• **AIM OF THE TASK**:
Transcribe the listing exactly, so that nothing but the pictures is missing.

• **INFORMATION PROVIDED**:
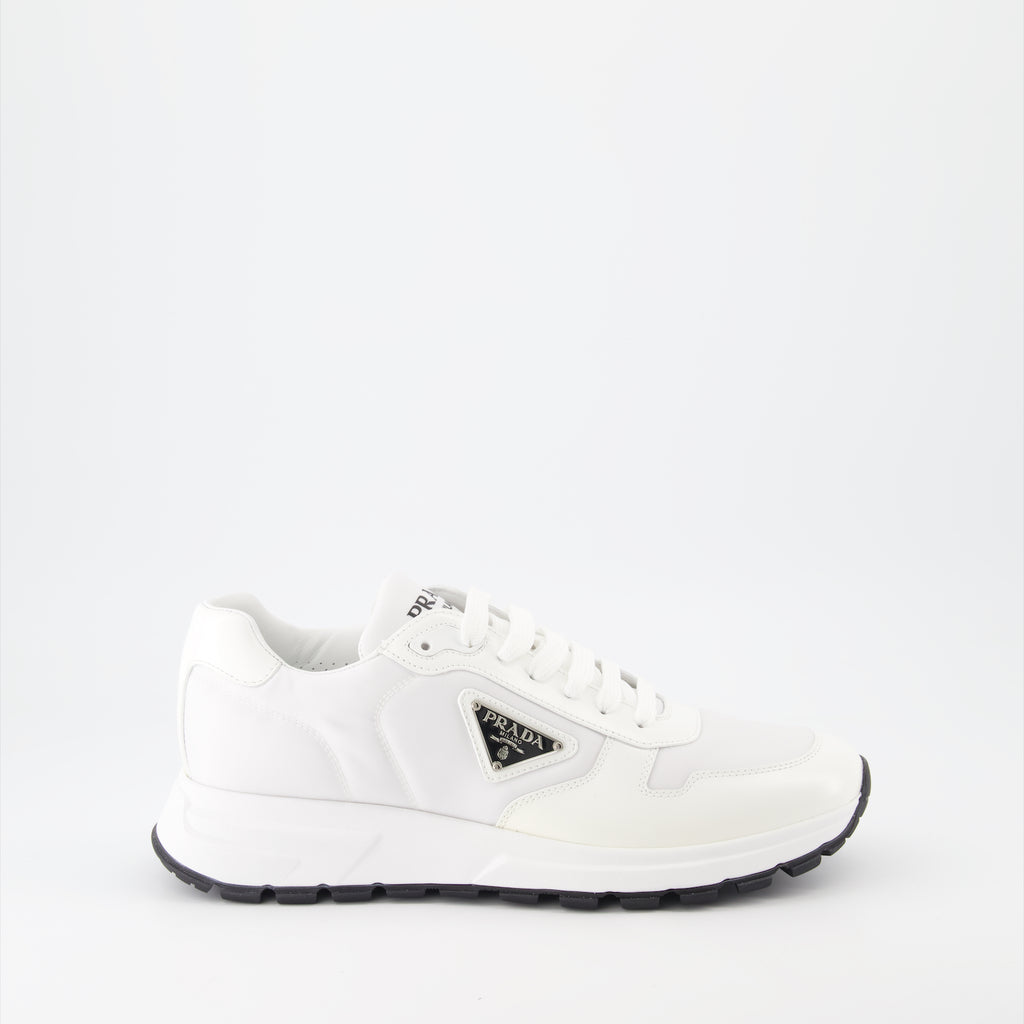 Baskets Baskets en nylon Prada Blanc Homme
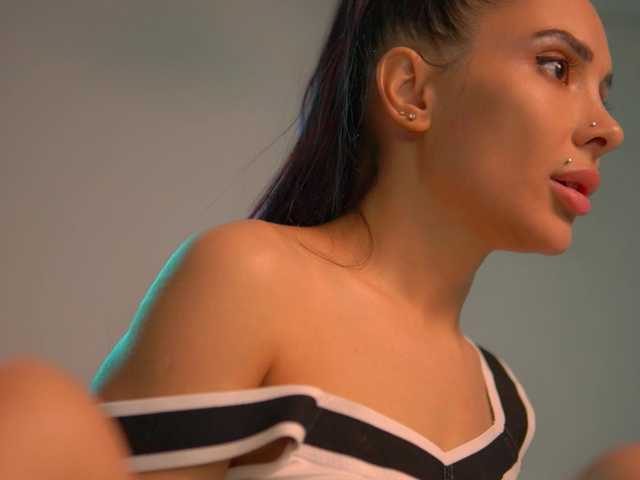 Broadcast Screenshots MilaMayy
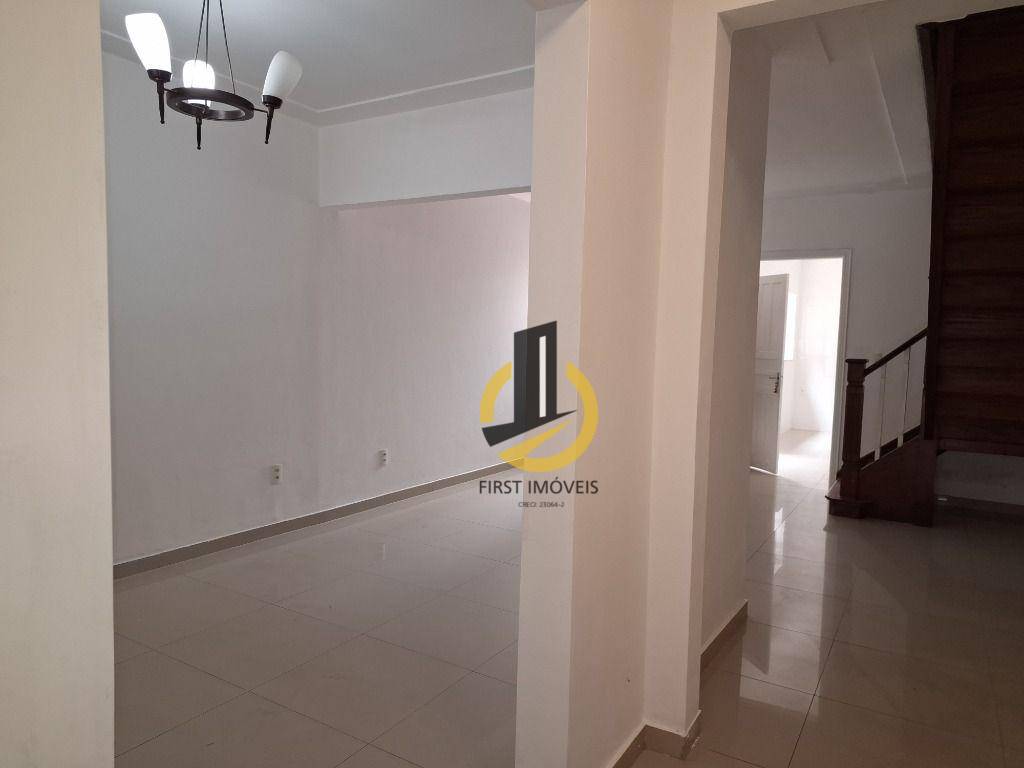 Sobrado à venda com 3 quartos, 150m² - Foto 3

• **PROBLEM SOLUTION**:
 Baskets Baskets en nylon Prada Blanc Homme
 Broadcast Screenshots MilaMayy
 Sobrado à venda com 3 quartos, 150m² - Foto 3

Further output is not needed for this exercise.